Women Running From Houses on Comic Book Covers: Sinister House of Secret Love 3 - "Bride of the Falcon"

A short while back I was the recipient of a minor revelation - that the pictures on the covers of gothic romance novels almost invariably feature women running from houses. This gem of information has lurked in my consciousness since that day that I read Spectergirl's blog about gothic romances, aptly named Women Running From Houses. Now although there are not too many actual gothic romance comic books, it is nevertheless a recognized sub-genre, so I took a look to see if this same phenomenon held true for our beloved medium. Lo and behold, both of DC's gothic love titles (Dark Mansion of Forbidden Love and Sinister House of Secret Love) sport women running from houses on some but not all of their covers, although I failed to find similar conformity amongst the issues of Charlton's Haunted Love. I've chosen one example from each series to post, starting with this Alex Toth penciled treat, nicely inked by Frank Giacoia, from the March 1972 issue of Sinister House of Secret Love. Written by Golden Age artist Frank Robbins, it's 32 pages long, so I'm going to use small thumbnails.

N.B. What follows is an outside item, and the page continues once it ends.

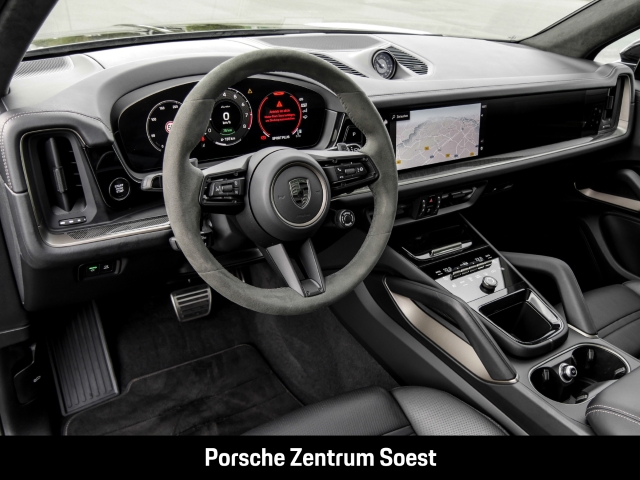 Porsche Cayenne Turbo E-Hybrid/22-Zoll/Panoramadach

This is a tale of a young woman looking for the love of her life. It's about Venice, a gondolier, the mysterious Isola Tranquillo, love letters and negligees, a castle, an insane facially disfigured dark-haired count with flashes of white above his ears, very long stone staircases, passionate embraces, house servants, a silent paralyzed woman apparently the count's mother, birds of prey, towers, the young woman's pet dog, medicine, completely inappropriate clothing for walking through dense woodland... but no, don't let me give it all away. Read this "Gothic mystery love story" for yourself. So as a "thank you" to Spectergirl for alerting me to this fascinating phenomenon, here's the story - enjoy!

 Note: scans courtesy of Flatterman.